In the entries below, begin at the line that has "3MP 2MP POE", stop after the line that has "Dusty Blue lightning", and output those lines exactly with no pictures.

┏━━

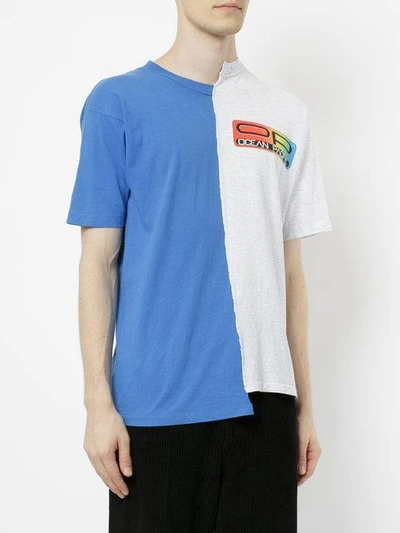 Shop Ex Infinitas Repurposed Breaker T-shirt - Blue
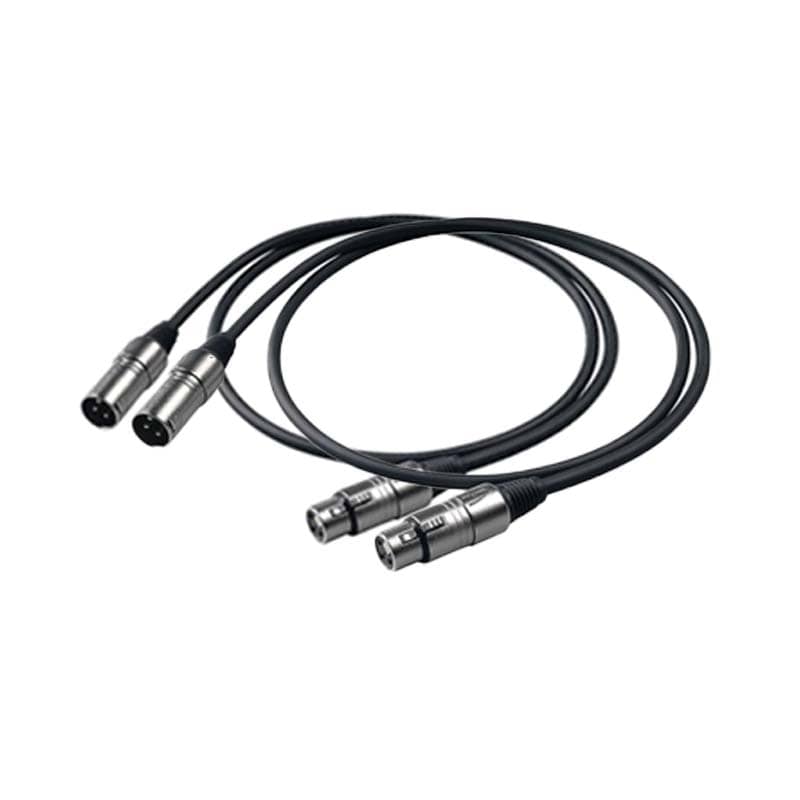 Dos cables XLR Balanceados PROEL BUL250LU6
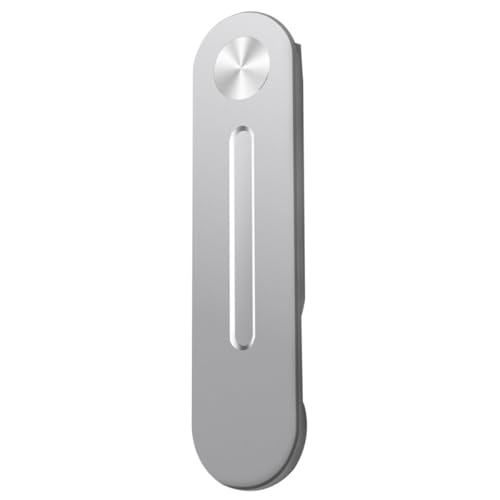 Soporte magnético para teléfono en portátiles, clip lateral de aleación ajustable WATIIFUFU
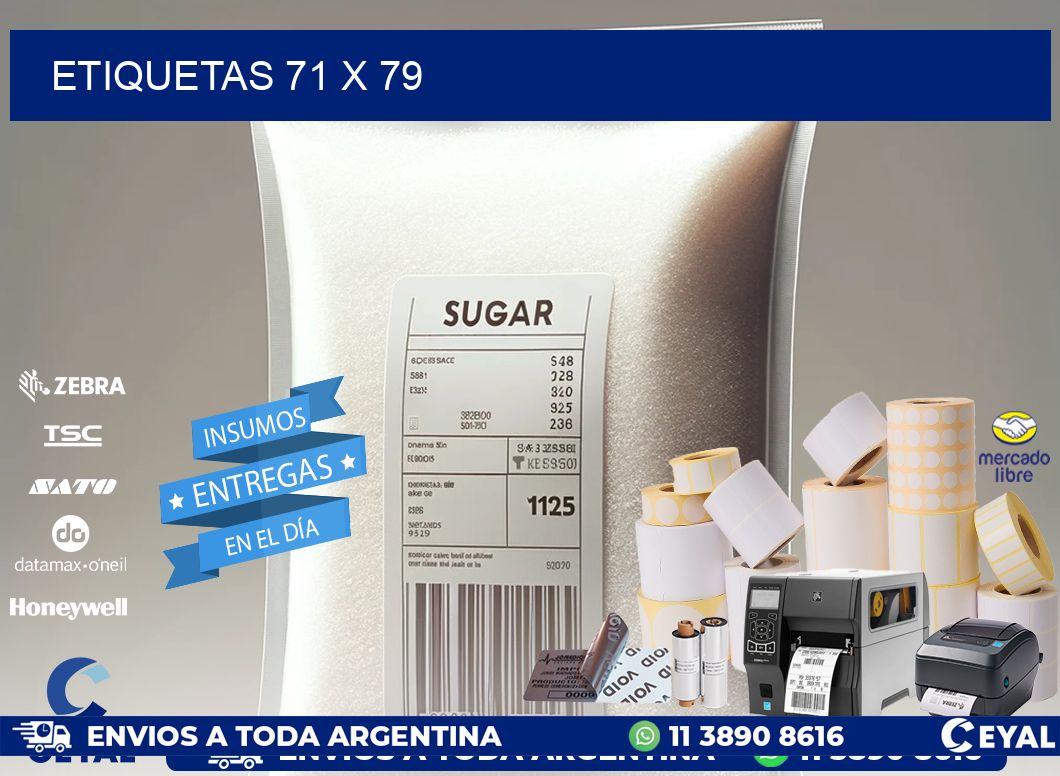 ETIQUETAS 71 x 79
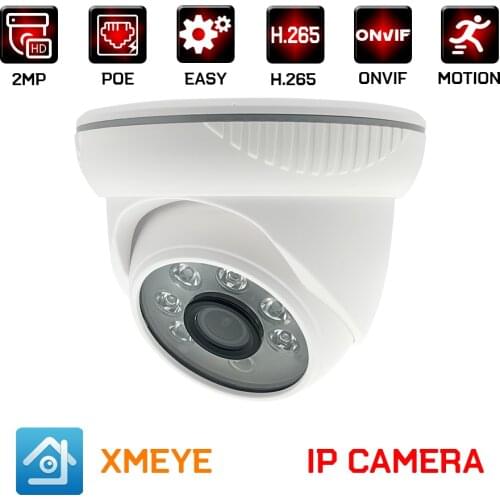 3MP 2MP POE IP camera h. 265 indoor plastic dome CCTV video surveillance security camera infrared night vision 1080P onvif XMEYE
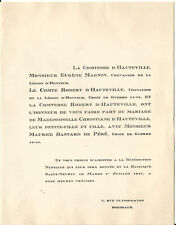 Bordeaux et Bègles, Francs 1947. Wedding announcement Bastard du Péré-D'Hauteville. picture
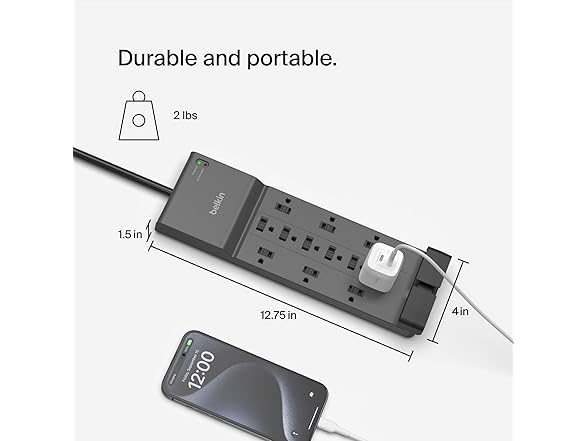 Belkin Surge Protector Power Strip w/ 12 Outlets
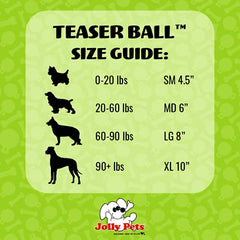 Jolly Pets Teaser Ball exterior fácil de agarrar para tu perro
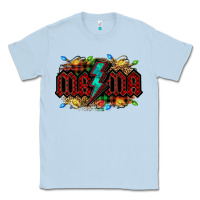 Dusty Blue lightning bolt mama christmas Classic Tee - Jasminsmagicworld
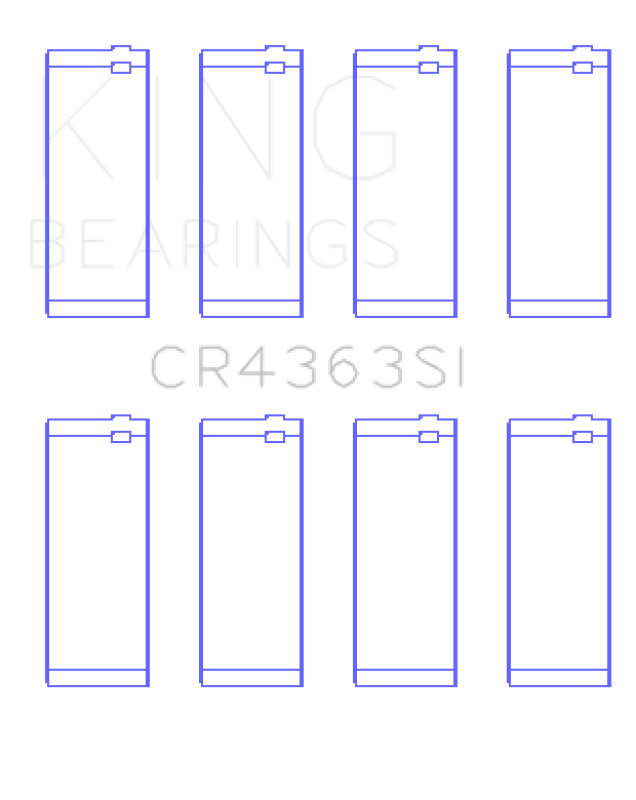 Load image into Gallery viewer, King Engine Bearings CR4363SI KING Connecting Rod Bearings
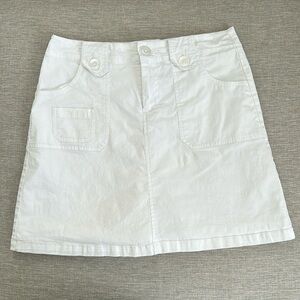 White Stag white Cotton Skirt Size 10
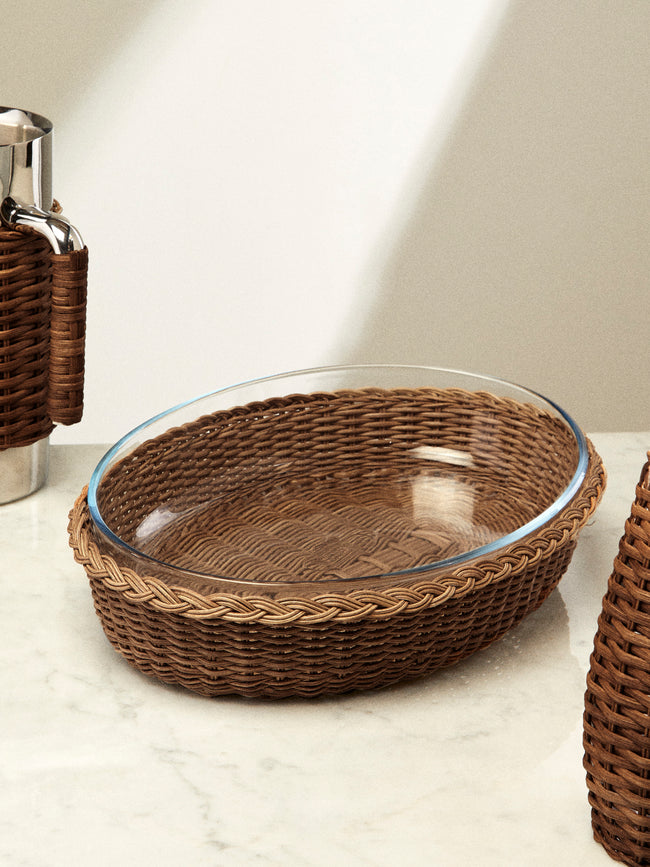 Pigment France - Lorraine Rattan Oval Baking Tray - Brown - ABASK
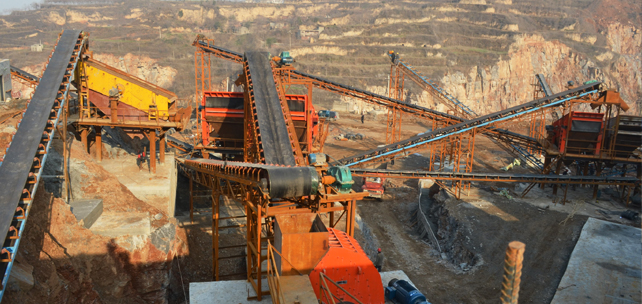 蒙陰石料廠時產(chǎn)700噸砂石骨料生產(chǎn)線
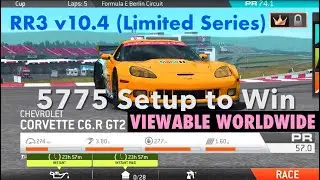 Real Racing 3 RR3 (v10.4) Chevrolet Corvette C6.R GT2: Limited Series costs, Full Upgrade Tree (V2)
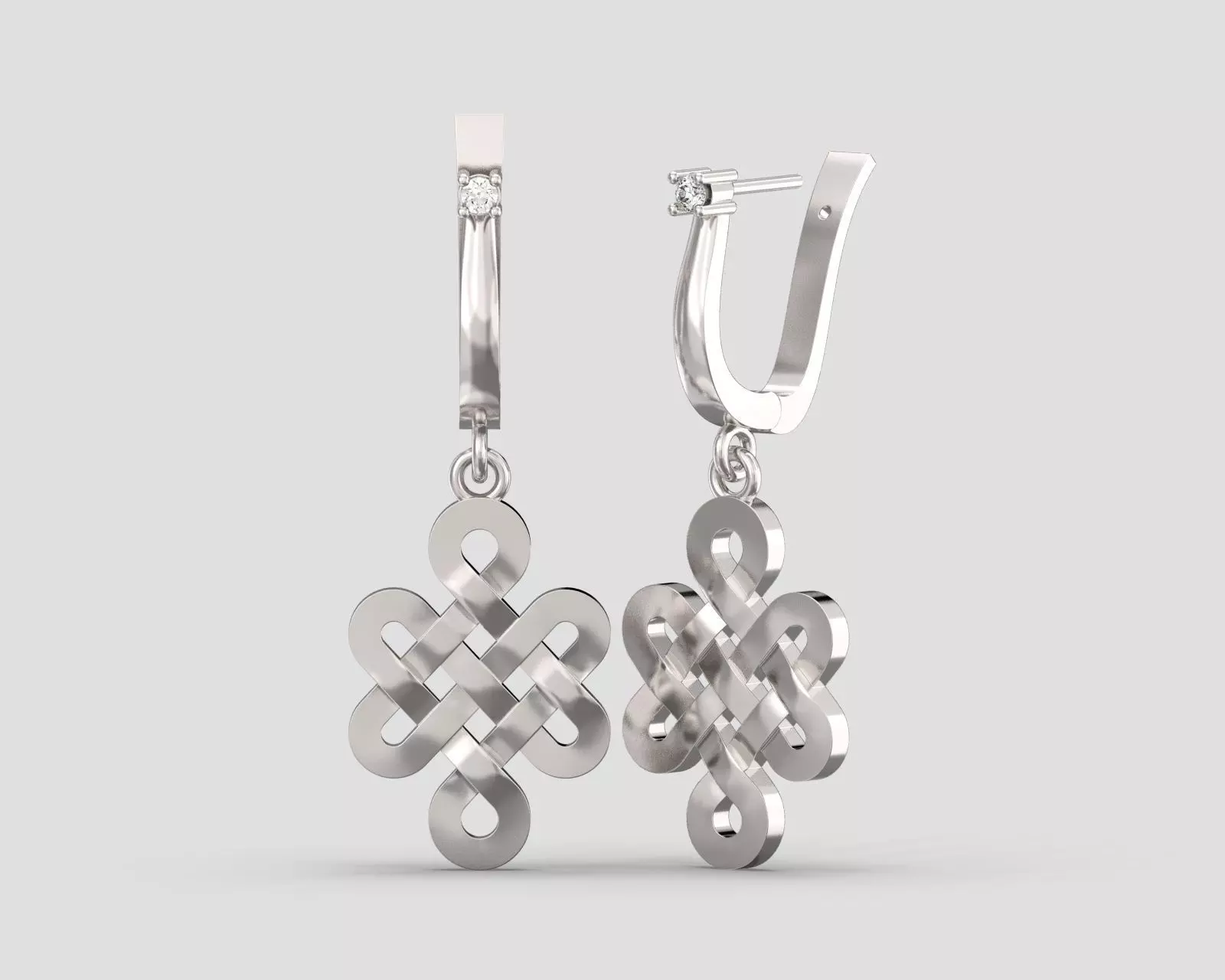 ER 153 Earring in ornament 3D print model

┗━━

Result of the task:
 3MP 2MP POE IP camera h. 265 indoor plastic dome CCTV video surveillance security camera infrared night vision 1080P onvif XMEYE
 Bordeaux et Bègles, Francs 1947. Wedding announcement Bastard du Péré-D'Hauteville. picture
 Belkin Surge Protector Power Strip w/ 12 Outlets
 Jolly Pets Teaser Ball exterior fácil de agarrar para tu perro
 Dusty Blue lightning bolt mama christmas Classic Tee - Jasminsmagicworld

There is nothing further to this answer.